Cubic phase Cu₃NbSe₄The preparation of the nano material comprises the following steps:

(1) in a 100ml three-necked flask, 0.3mmol of copper chloride, 0.1mmol of niobium pentachloride, 0.4mmol of selenium powder and 6.0ml of oleylamine are respectively added to obtain a mixed solution.

(2) And (2) introducing nitrogen into the three-mouth bottle in the step (1), heating the mixed solution to 100 ℃ under the condition of magnetic stirring, and carrying out heat preservation reaction for 60min to remove water and low-boiling-point impurities in the reaction system.

(3) And continuously heating the mixed solution to 300 ℃, preserving the heat, reacting for 30min, cooling to room temperature after the reaction is finished, and then washing and centrifuging the solid product for 3 times by using the mixed solution of absolute ethyl alcohol and chloroform with the volume ratio of 3:1 to obtain the solid product, namely the target product.

Seventh embodiment

Cubic phase Cu₃NbSe₄The preparation of the nano material comprises the following steps:

(1) in a 100ml three-necked flask, 0.3mmol of copper acetate, 0.1mmol of niobium pentachloride, 0.4mmol of selenium dioxide and 6.0ml of oleylamine were added, respectively, to obtain a mixed solution.

(2) And (2) introducing nitrogen into the three-mouth bottle in the step (1), heating the mixed solution to 140 ℃ under the condition of magnetic stirring, and carrying out heat preservation reaction for 30min to remove water and low-boiling-point impurities in the reaction system.

(3) And continuously heating the mixed solution to 290 ℃, preserving the heat, reacting for 60min, cooling to room temperature after the reaction is finished, and then washing and centrifuging the solid product for 3 times by using the mixed solution of absolute ethyl alcohol and chloroform with the volume ratio of 3:1 to obtain the solid product, namely the target product.

Composition, structural characterization and performance testing

FIG. 1 shows the X-ray diffraction pattern of the object obtained in the first example. As can be seen from the figure: all diffraction peaks are good indexes of Cu₃NbSe₄ (JCPDS Card number 81-2492) and no impurity peak appears, which indicates that the target product prepared by the method of the embodiment is cubic phase Cu₃NbSe₄And (4) crystals. Likewise, the results of fig. 5, 7 and 9 also show that the target products prepared by the second, fourth and sixth examples have similar results to fig. 1.

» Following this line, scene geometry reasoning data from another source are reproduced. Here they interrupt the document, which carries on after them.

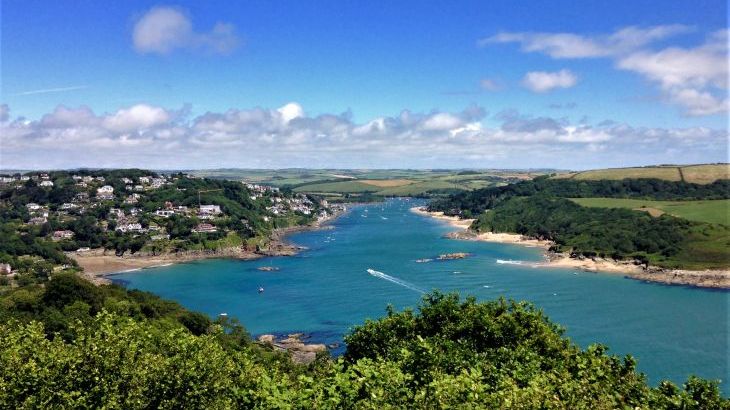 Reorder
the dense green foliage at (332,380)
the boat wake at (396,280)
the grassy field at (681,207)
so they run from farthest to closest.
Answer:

FIG. 2 is a Transmission Electron Microscope (TEM) photograph of the objective product obtained in the first example, showing that Cu was prepared by the method₃NbSe₄The shape is uniform, the size is controllable, and the nano-cubic structure is embodied in a size of 15-25 nm. Similarly, the results of fig. 6 and 8 also show that the target products prepared by the third and fifth examples have similar results to those of fig. 2.

FIG. 3 is a ultraviolet-visible (UV-vis) absorption spectrum of the product obtained in the first example, demonstrating cubic phase Cu₃NbSe₄The nano material has stronger absorption in the visible light range, which shows that the Cu prepared by the method₃NbSe₄The nano material can be used as a photoelectric conversion material and applied to the research field of photoelectric equipment.

FIG. 4 is an I-t curve of a photodetector constructed by the product obtained in the first embodiment. In this experiment, the target product obtained in the first example and the graphene electrode were formed on a single crystal silicon wafer by a spin coating process to form Cu₃NbSe₄A photodetector of the/Si heterostructure type. As shown in fig. 4: the light intensity is 60mW/cm at the wavelength of 520nm²And the condition of applying 0.5V bias voltage shows that the photoelectric detector has good responsiveness and stability.

Although the present invention has been described in detail with reference to the foregoing embodiments, it will be apparent to those skilled in the art that changes may be made in the embodiments and/or equivalents thereof without departing from the spirit and scope of the invention. Any modification, equivalent replacement, or improvement made within the spirit and principle of the present invention should be included in the protection scope of the present invention.